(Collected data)

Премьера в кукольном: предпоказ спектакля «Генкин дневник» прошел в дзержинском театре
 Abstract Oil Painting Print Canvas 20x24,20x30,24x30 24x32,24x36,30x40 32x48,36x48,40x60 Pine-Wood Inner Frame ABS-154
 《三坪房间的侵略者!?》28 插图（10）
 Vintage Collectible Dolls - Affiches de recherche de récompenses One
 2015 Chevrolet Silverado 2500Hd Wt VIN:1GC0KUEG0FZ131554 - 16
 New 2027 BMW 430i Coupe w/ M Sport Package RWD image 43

§ TASK TO CARRY OUT:
Please write out the records from above, keeping every line exact.

§ ANSWER BOX:
Премьера в кукольном: предпоказ спектакля «Генкин дневник» прошел в дзержинском театре
 Abstract Oil Painting Print Canvas 20x24,20x30,24x30 24x32,24x36,30x40 32x48,36x48,40x60 Pine-Wood Inner Frame ABS-154
 《三坪房间的侵略者!?》28 插图（10）
 Vintage Collectible Dolls - Affiches de recherche de récompenses One
 2015 Chevrolet Silverado 2500Hd Wt VIN:1GC0KUEG0FZ131554 - 16
 New 2027 BMW 430i Coupe w/ M Sport Package RWD image 43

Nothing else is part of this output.